Détourner l’attention du rôle de l’État français dans le génocide des Tutsis et le dédouaner de ses responsabilités : tel était le but inavoué des organisateurs d’un colloque qui s’est tenu au Palais du Luxembourg, le 9 mars 2020. Organisé dans une grande discrétion, puis maintenu malgré les protestations qu’il a suscitées une fois l’initiative connue, ce colloque a permis à des auteurs négationnistes tels que Charles Onana et Judi Rever de pervertir l’histoire du génocide et de diluer l’extermination des Tutsis dans une tragédie qui frapperait l’ensemble de l’Afrique des Grands Lacs. Une tragédie dont le président rwandais Paul Kagame serait le responsable.

Parrainé par le sénateur Gérard Longuet, en présence de l’ancien ministre de la défense Alain Richard et de l’ancien secrétaire général de l’Élysée (en 1994) puis ministre des affaires étrangères Hubert Védrine, cette rencontre avait pour thème « L’Afrique des Grands Lacs : 60 ans de tragique instabilité ».
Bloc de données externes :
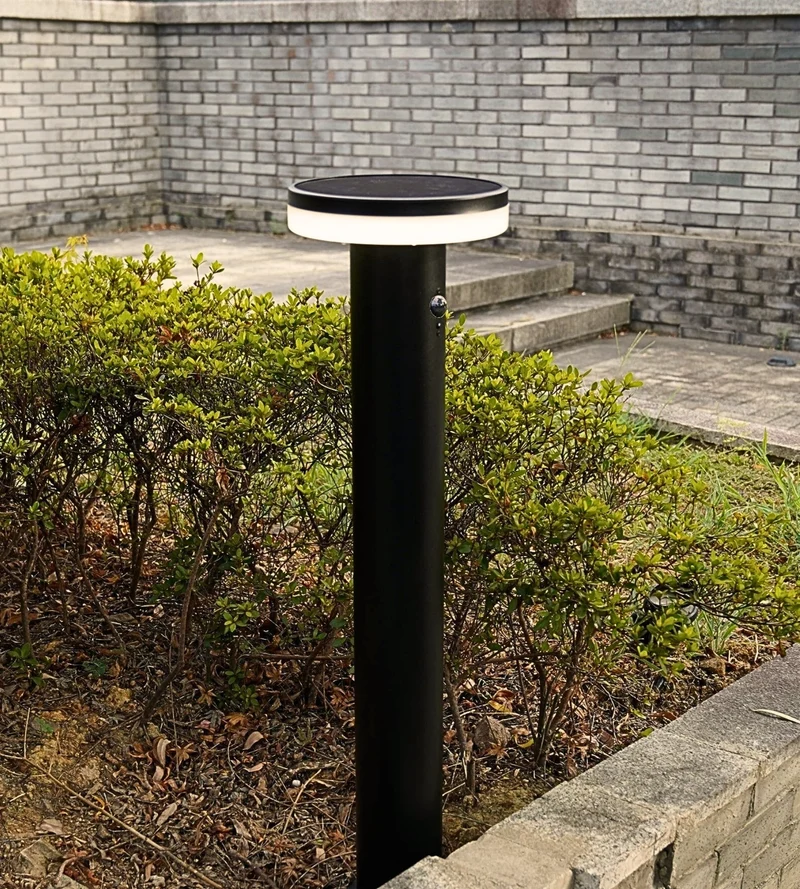 Borne solaire extérieure LED ALTO+ télécommandable avec détecteur - 3 modes d'éclairage 150 à 1000 lumens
Discrétion et quête de légitimité

Ce n’est que le 26 février qu’un article de Jeune Afrique révélait la tenue de ce colloque et signalait qu’y étaient invitées « plusieurs personnalités dont les écrits sur le génocide des Tutsis au Rwanda sont régulièrement au cœur de vives polémiques entre spécialistes et dont les positions sont souvent taxées de révisionnisme, voire de négationnisme ». Mais impossible de trouver le programme, ou de comprendre l’identité des organisateurs, étrange mélange de nostalgiques de la mitterrandie et d’anciens proches de l’extrême-droite, que seule la sauvegarde de « l’honneur de la France » - et de ses opérations militaires – est capable de réaliser…

C’est peu de dire que le dévoilement de la tenue de ce colloque sous les lambris dorés du Palais du Luxembourg a suscité une forte indignation. La Communauté Rwandaise de France et Ibuka-France se mobilisaient rapidement par le biais d’une pétition et d’une tribune. Survie écrivait au président du Sénat ainsi qu’à tous ses membres. La chambre haute du Parlement allait-elle offrir au grand jour aux organisateurs et à leurs invités négationnistes ce qu’ils espéraient : une légitimité ? Parmi les intervenants, on comptait en effet l’écrivain franco-camerounais Charles Onana, visé par une plainte déposée par la Communauté Rwandaise de France et la LICRA, pour ses propos tenus sur LCI, le 26 octobre dernier, selon lesquels « entre 1990 et 1994, il n’y a pas eu de génocide contre les Tutsis ni contre quiconque ».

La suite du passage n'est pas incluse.